La grande corsa mediatica scatenata dalla morte di Franco Zeffirelli non ha mancato di portare con sé qualche inevitabile confusione. Su tutte, la natura “laica” della cerimonia funebre del regista. Più di un cronista, infatti, in riferimento alle esequie ha utilizzato con disinvoltura la locuzione di «funerali laici» ospitati all’interno del Duomo di Firenze. Un accostamento paradossale, tanto più che la cerimonia è stata presieduta dal card. Giuseppe Betori. Lo stesso arcivescovo di Firenze, fra i più diretti testimoni della fede del regista di “Gesù di Nazareth”, ha ricordato durante l’omelia il legame di Zeffirelli con il Cattolicesimo.
Presto svelata la ragione del fraintendimento. La celebrazione – si badi – dei funerali di un laico all’interno del Duomo di Firenze è cosa rara. E ben altra cosa rispetto ad un “funerale laico”, per definizione privo di ogni connotazione religiosa. Più nel profondo, però, l’incomprensione si consuma attorno al modo stesso di essere “laici”. Non la sana laicità che implica autonomia delle realtà terrene dalla sfera ecclesiastica, ma non certo dall’ordine morale e di fede, bensì un laicismo giacobino e dissacrante, comunemente anti-cristiano, inteso come esclusione della religione da ogni ambito della società e, nella migliore delle ipotesi, come suo confino nell’angustia del sentimento privato (e nascosto). Religione dell’anti-religione. La moda recente, d’altronde, lo afferma chiaramente: laici sono Ettore Scola e Umberto Eco, Giorgio Albertazzi e Paolo Villaggio, Dario Fo e Franca Rame (solo per citarne alcuni), uomini e donne di spettacolo che hanno scelto la forma dei funerali civili.
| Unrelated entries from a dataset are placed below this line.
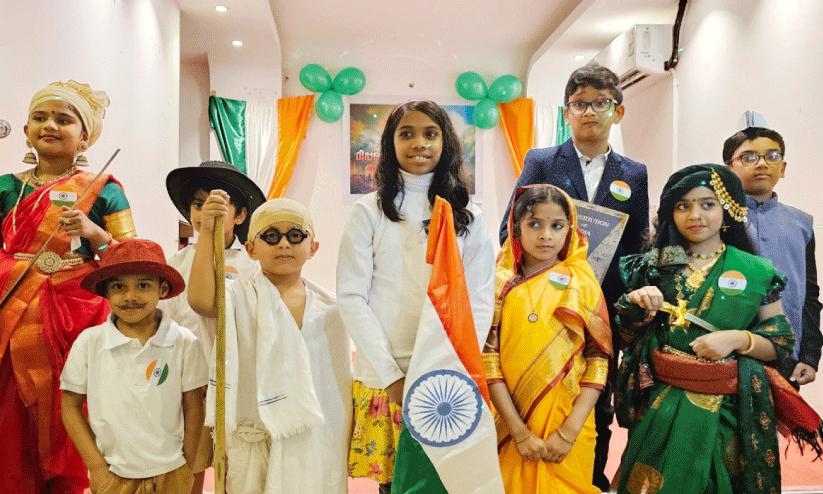 നവോദയ ജുബൈൽ ബാലവേദി റിപ്പബ്ലിക് ദിനാഘോഷം നവോദയ ജുബൈൽ ബാലവേദി റിപ്പബ്ലിക് ദിനാഘോഷം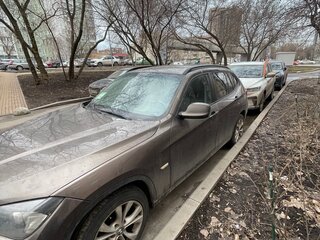2011 BMW X1 18i I (E84), коричневый, 970000 рублей, вид 3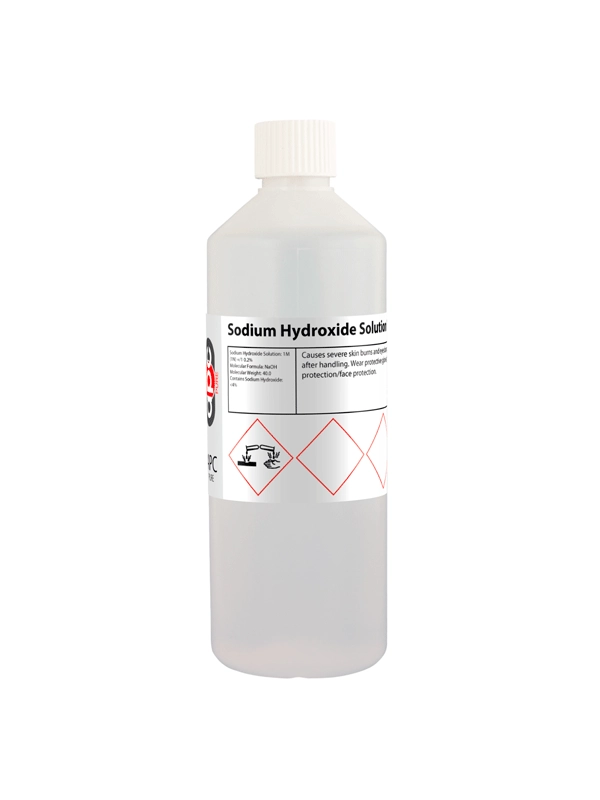 500ml Sodium Hydroxide Solution 1.0M (1.0N)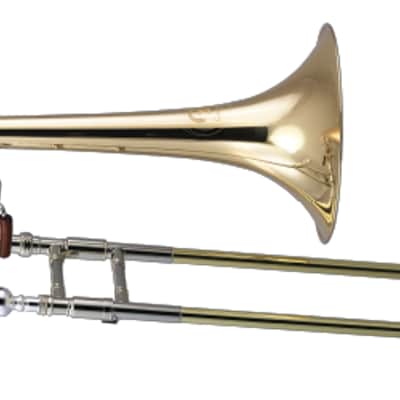 Greenhoe GB4 Series Large Bore Tenor Trombones-Yellow image 2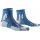X-Socks Laufsocke Marathon Energy 4.0 - für Langstreckenläufer - blau Herren - 1 Paar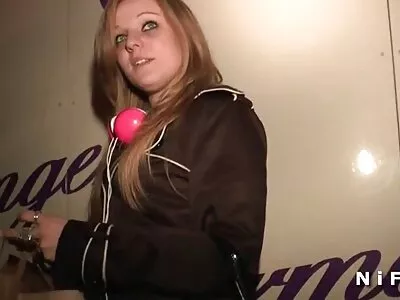 slutty brunette کے ساتھ مقعد جنسی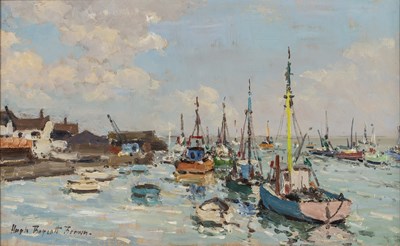 Lot 368 - Hugh Boycott-Brown (1909-1990) Boats in the...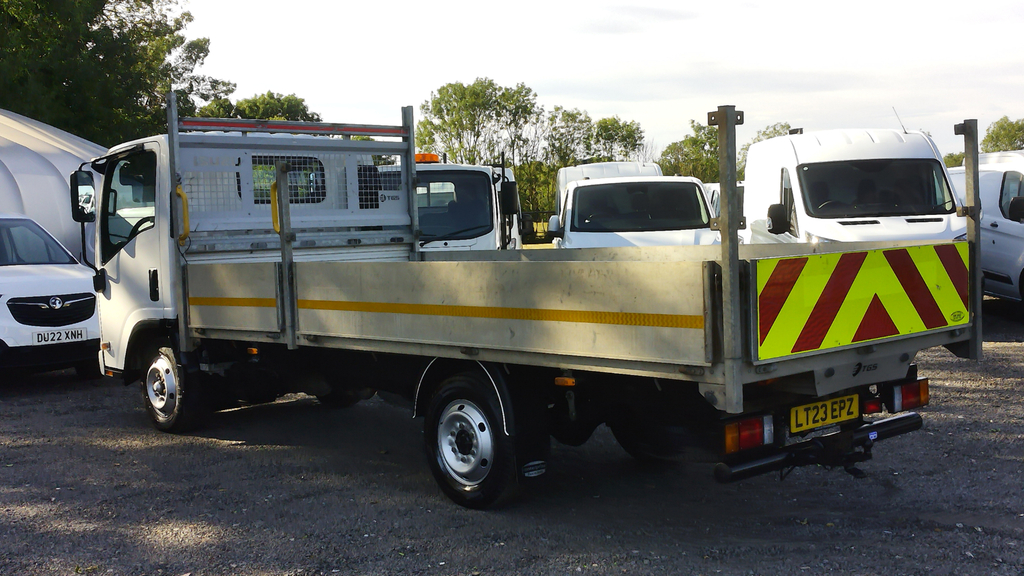 Isuzu  N35.125 Xlwb 14Ft 6Dropside 1.9D Rwd Euro 6 Only LT23EPZ  #4
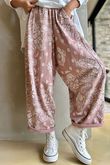 Bandana B Classic Sweatshirt Barrel Pant Antique Rose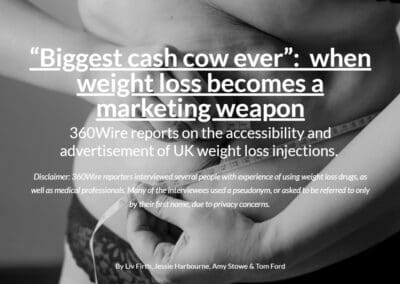“Biggest cash cow ever”: when weight loss becomes a marketing weapon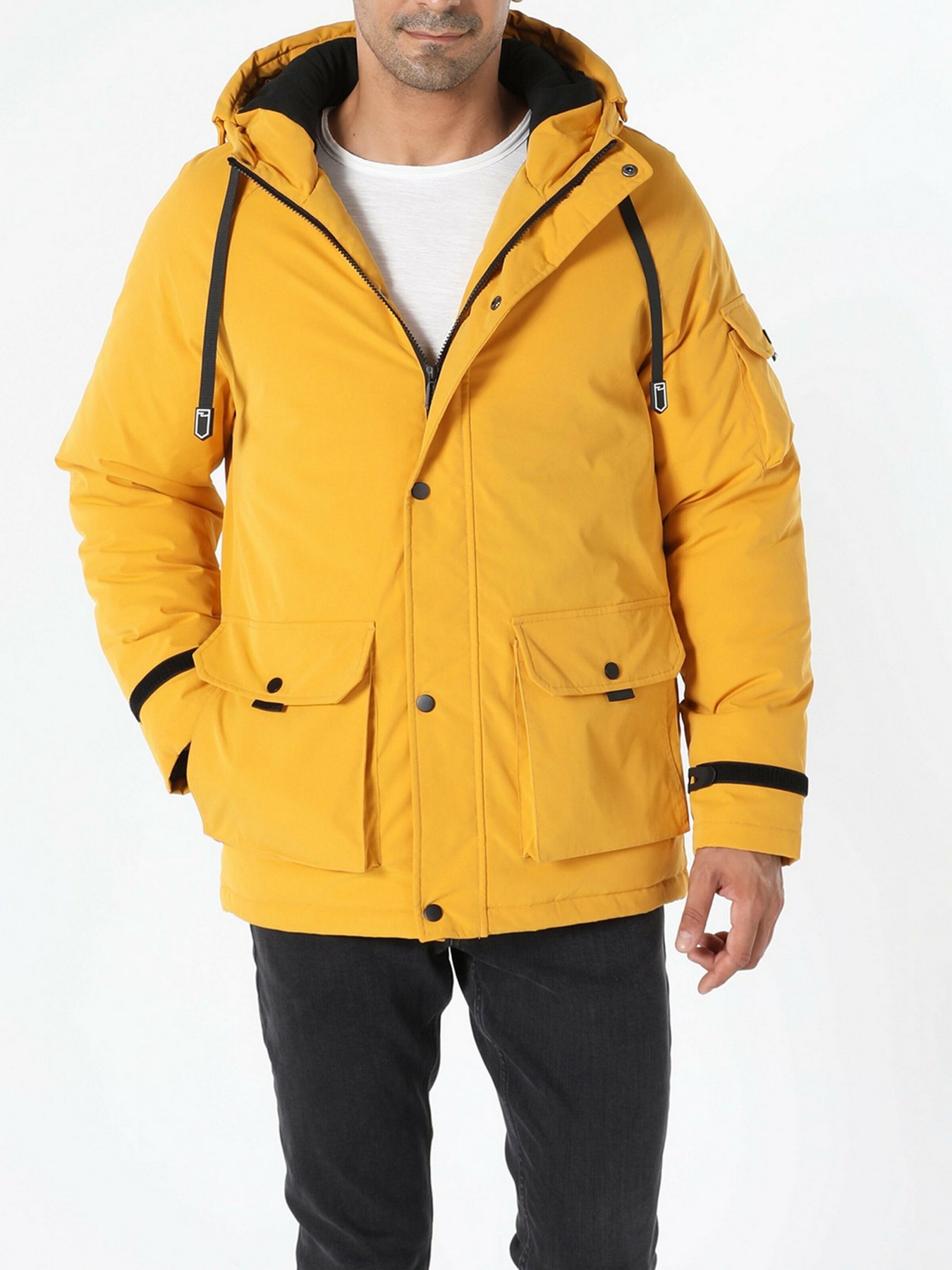 Парка Colin’s модель CL1055673YLW Фото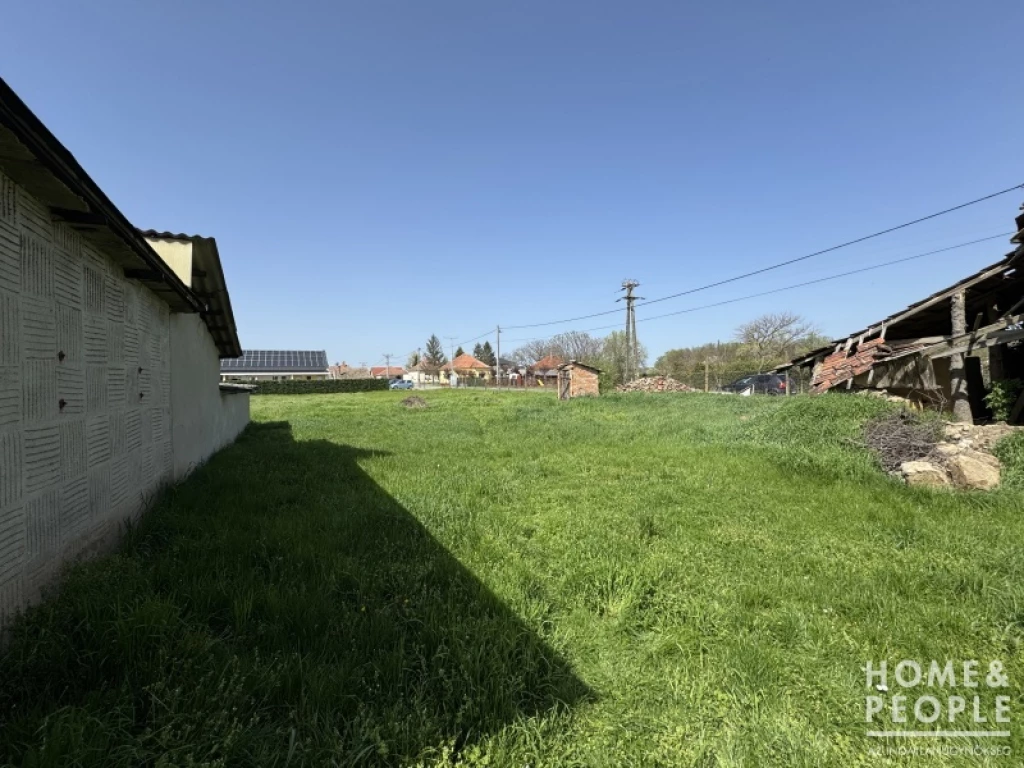For sale building plot, Deszk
Ma non Franco Zeffirelli. Che, anzi, conquista un nuovo record postumo, entrando nel ristrettissimo gruppo di laici ai quali sono state aperte le porte di Santa Maria del Fiore. Ultimo in ordine di tempo il poeta Mario Luzi, fra le maggiori voci del Novecento, scomparso nel 2005. «Io non sono un uomo di Chiesa, ma il Cristianesimo è implicito a tutto ciò che io ho pensato e scritto», disse di sé. «Il Cristianesimo ha il Cristo, è nel Cristo. Se questa divinità si è messa sul piano degli uomini con questo emissario – Gesù – è il colmo della bontà, dell’interesse per l’uomo. Il Cristo è interessante e nutritivo per tutti». Prima di Mario Luzi fu la volta del “sindaco santo” di Firenze, Giorgio La Pira, morto nel 1977 e del quale la Chiesa cattolica ha avviato la causa di beatificazione nel 1986. «Tutto si può capire di La Pira con la fede, niente si può capire di lui senza la fede», disse di lui il card. Giovanni Benelli, nell’omelia dei funerali.
Testimoni, ognuno a proprio modo e con l’umana debolezza del peccato e della contraddizione, che non esiste una sola laicità, ma diverse, come molteplici sono i modi di intenderla e di viverla, talvolta fra loro opposti. Testimoni laici che, in luogo dei funerali civili, continuano a scegliere l'”inciviltà” scomoda di una fede sempre più controcorrente.